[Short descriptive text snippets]
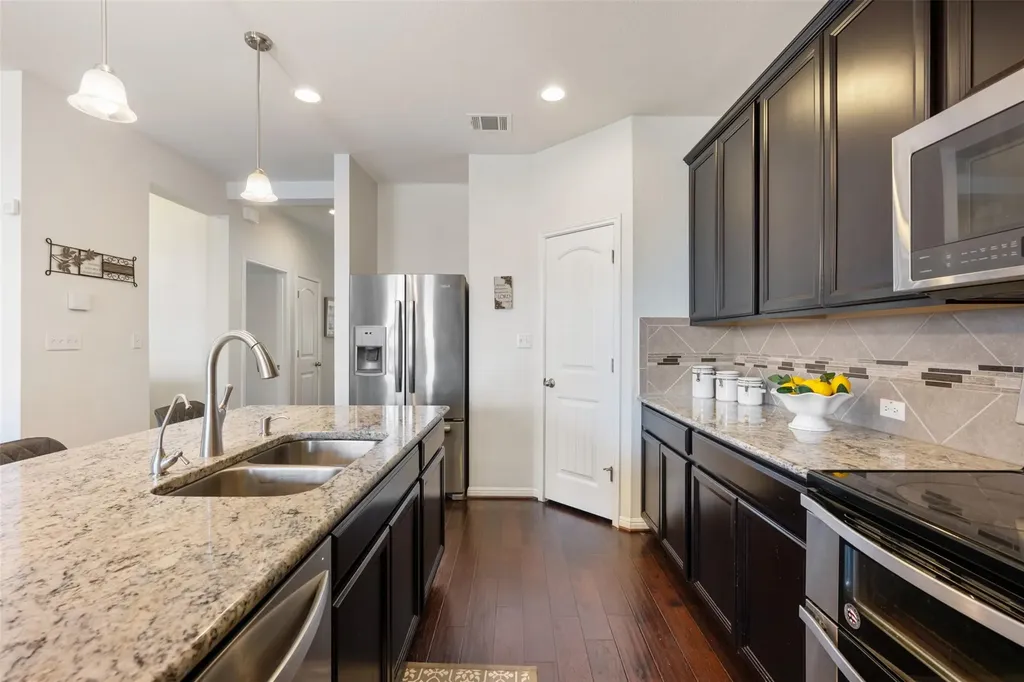 17221 Brittle Lane Pflugerville TX 78660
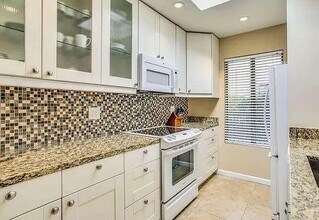 1407 N Sunrise Way in Palm Springs, CA - Building Photo - Building Photo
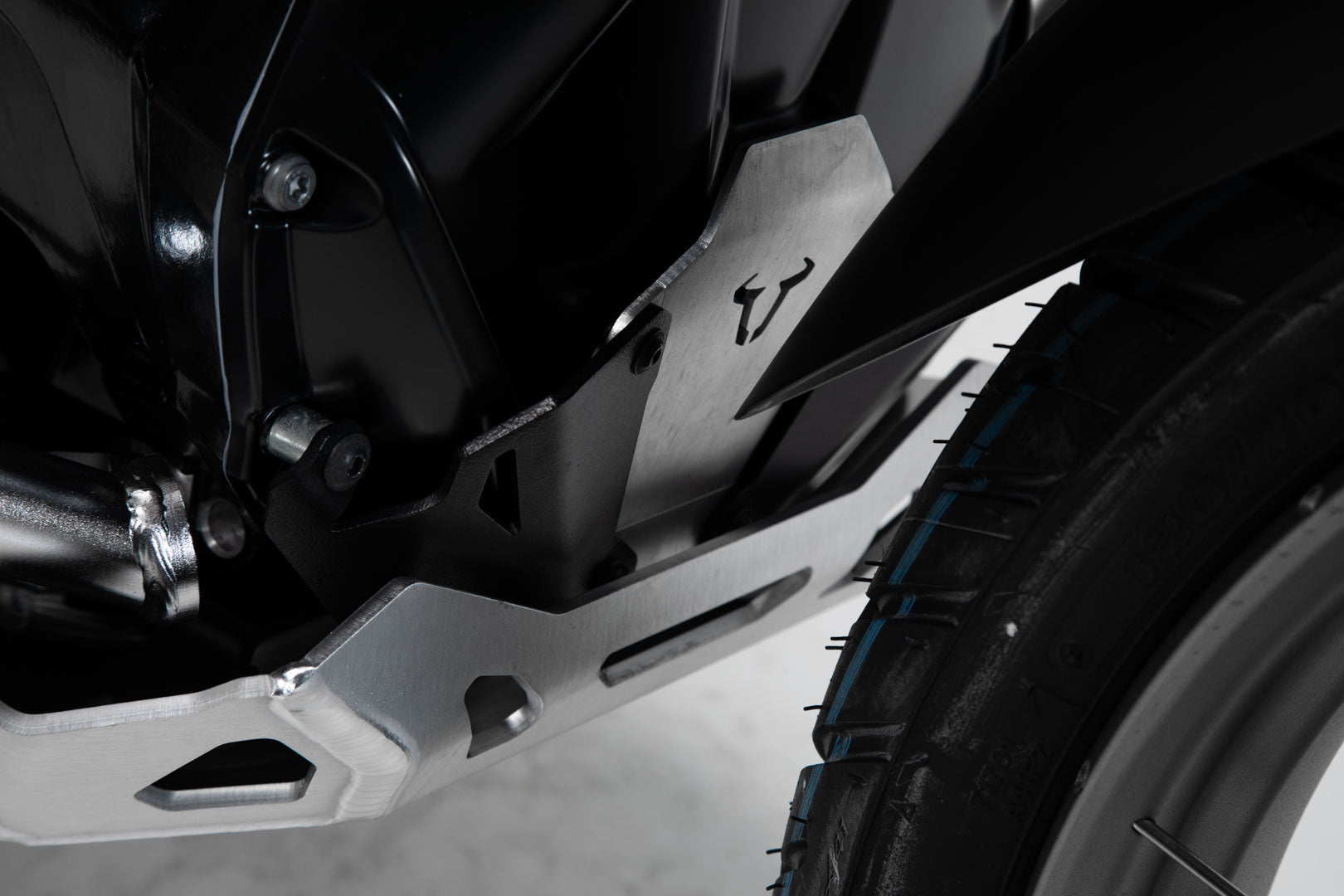 SW-MOTECH Extensión delantera de protector de motor Negro/plateado. BMW R1200 (12-18) R1250 (18-).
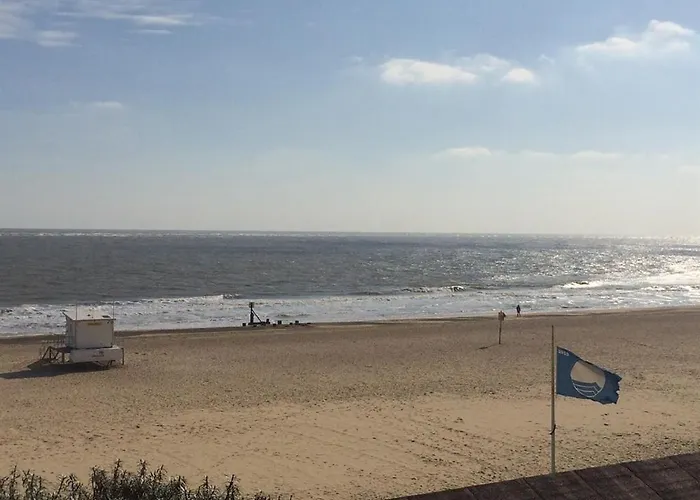 Moray Beachside Apartments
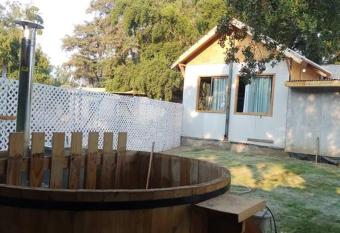 Caba  a de campo en Pirque allows 18 year olds to book a room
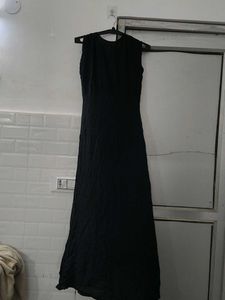 Elegant Black Maxi Dress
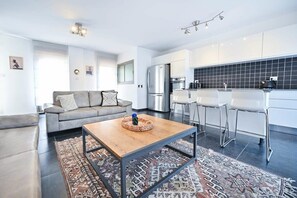 TV, stereo, offices - Garden Party by HolyGuest (Tel Aviv)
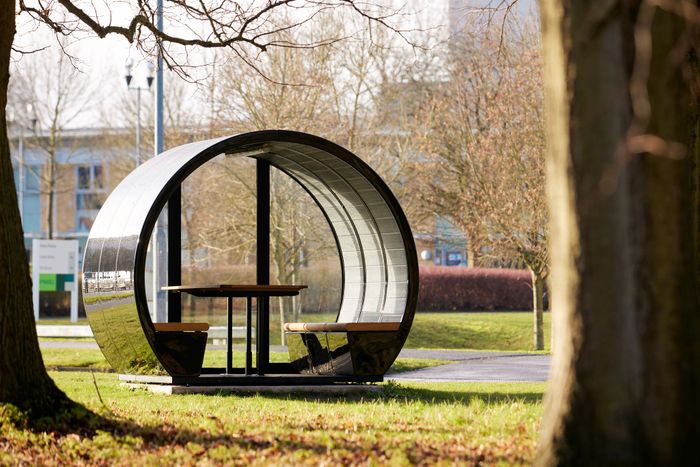 Outdoor Pod (Part Enclosed)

THE PROBLEM: Write out, word for word, the lines running from the one containing "TV, stereo, offices" to the end of the data above; the pictures are to be left out.

REPLY TO THE TASK:
 TV, stereo, offices - Garden Party by HolyGuest (Tel Aviv)
 Outdoor Pod (Part Enclosed)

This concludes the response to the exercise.